Posted by Jonas Öberg on August 12, 2014
Commons Machinery: full speed ahead

Commons Machinery: full speed ahead

This is the first in a series of blog posts where we’ll talk about our recent development work, what we were up to at Wikimania 2014 (in London), and where that will lead us in the future.

Let’s start with a nine sentence recap:

  1. Commons Machinery is developing tools that make attribution automatic, and which persistently connect every digital work online with information (metadata) about the same work.
  2. In 2013 we released prototypes that made it possible to copy & paste images from Flickr into LibreOffice & Aloha Editor with automatic attribution.
  3. These prototypes were based on the standards identified in our white paper on metadata standards.
  4. We came to the conclusion that this would only ever work on a small subset of users.
  5. We experimentally developed support for metadata in MediaGoblin, GIMP and InkScape, and developed libraries for extracting metadata, handling metadata and generating attribution statements from metadata.
  6. Towards December of 2013, we developed an architecture that focuses more on retaining contextual information about digital works, but would also allow us to do automatic attribution for almost all users rather than only the small subset we previously could support.
  7. Since then, we have further refined and developed our backend: our data model, our API and the code that implements it.
  8. We’ve also launched Elog.io to let people sign up to be the first to try our tools as they become available.
  9. During Wikimania, we spent time hacking and defining our priorities that’ll get us to releasing our next tool within the next two months.

This is now what our roadmap looks like. You’ll notice that we’ve pushed automatic attribution a bit further down the line: we realised that in order to properly support automatic attributions in other applications, we first need the technology to visualise attributions where people go looking for images: the Internet.

Over the next two months, we’ll be writing a bit more about the API, but also working on developing the first tool that can be built using our API: an extension for Firefox that allows you to see where images on the Internet come from, even if they’re not attributed by those publishing them.

It won’t work on all images, but it’ll work on some. We hope to retrieve and calculate image information from Wikimedia Commons as well as the British Library and other institutions that hold large amounts of photographs. With our API, we’ll be able to search those collections for visual matches. Even if an image is resized or has its format changed (from PNG to JPEG, for instance), we should be able to relate an image published on a web site with an image from the collection, and show that relation.

The advantage for you is that you’ll see where images on the Internet originate and you’ll be able to find your way back to the collections, where you may find more information about the images. The benefit for those holding the collections is that they’ll be able to increase their engagement with their audience, even when that audience encounters images far away from the institution’s collections.

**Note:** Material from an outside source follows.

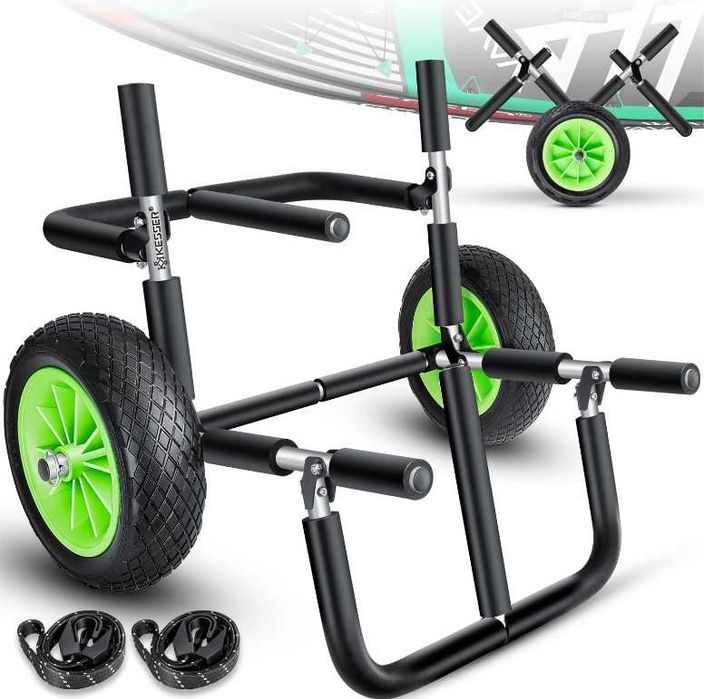 Surf Cart Wózek transportowy na deskę surfingową na dwie deski SUP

So what happened with our work on automatic attribution? That’ll be one of the next steps on our roadmap: now that we’ll have the contextual information about images that people want to use, we’ll want to make that information useful as well. We’ll also be developing ways in which users can contribute information about images that aren’t part of our catalog yet, to help others find them. Collaboration is key!

We’ll get there in a few blog posts from now…but in our next blog post in this series, we’ll be talking more about the upcoming extension itself, and show you some examples of what it will look like.